4

I am trying to read a file which may have any charset/codePage, but I don't which locale to set in order to read the file correctly.

Below is my code snippet in which I am trying to read a file having charset as windows-1256, but I want to get the charset dynamically from the file being read so that I can set the locale accordingly.

std::wifstream input{ filename.c_str() };
std::wstring content{ std::istreambuf_iterator<wchar_t>(input1), std::istreambuf_iterator<wchar_t>() };
input.imbue(std::locale(".1256"));
contents = ws2s(content); // Convert wstring to CString
Saurabh Kathpalia
  • 269
  • 1
  • 3
  • 14

2 Answers2

3

In general, this is impossible to do accurately using the content of a plain text file alone. Usually you should rely on some external information. For example, if the file was downloaded with HTTP, the encoding should be received within a response header.

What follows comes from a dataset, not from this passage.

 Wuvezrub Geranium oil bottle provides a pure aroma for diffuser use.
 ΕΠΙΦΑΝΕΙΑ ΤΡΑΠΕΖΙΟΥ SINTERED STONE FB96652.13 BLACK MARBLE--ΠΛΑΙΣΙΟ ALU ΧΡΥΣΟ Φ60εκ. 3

Some files may contain information about the encoding as specified by the file format. XML for example: <?xml version="1.0" encoding="XXX"?>.

Unicode encodings can be detected if the file starts with a Byte Order Mark - which is optional.

You can usually assume that the encoding uses a wide character if the file contains a zero byte - which would represent the string terminator as a narrow character - before the end of the file. Likewise if you find two consecutive zeroes aligned to a 2 byte boundary (before the end), then the encoding is probably 4 bytes wide.

Other than that, you could try to guess the encoding based on the frequency of certain characters. This can have some unintended consequences.

eerorika
  • 232,697
  • 12
  • 197
  • 326
  • There is no full proof way of determining charset, but we can use ICU library for this, which gives heuristic based solution. I used a snippet from https://github.com/mooz/node-icu-charset-detector/blob/master/node-icu-charset-detector.cpp – Saurabh Kathpalia May 29 '17 at 15:53
  • @SaurabhKathpalia yeah, outsourcing to a library is a great way to save time and effort. Just keep in mind the potential pitfalls of the heuristic based approach (the last link of my answer is a practical example of such pitfall). – eerorika May 29 '17 at 16:11
2

Let me be blunt and say: you can't

Let me qualify that: a file is simply tons of 0's and 1's stuck on your disk. A charset is a way to interpret these 0's and 1's. You have to provide the information on how to interpret them, namely, by specifying a charset.

A typical way of doing that is by writing a header to specify the charset.

This is a html header

<head>
  <title>Page Title</title>
  <meta charset="UTF-8">
</head>

As you can see, the charset must be specified one way or another.

Once in a while, you do see some rogue application guessing a charset, they often do so with some heuristics on the distribution of bytes, but that is not reliable and often results in gibberish.

As a side note, try use UTF-8 everywhere, the others are, to put it lightly, messy.

Passer By
  • 19,325
  • 6
  • 49
  • 96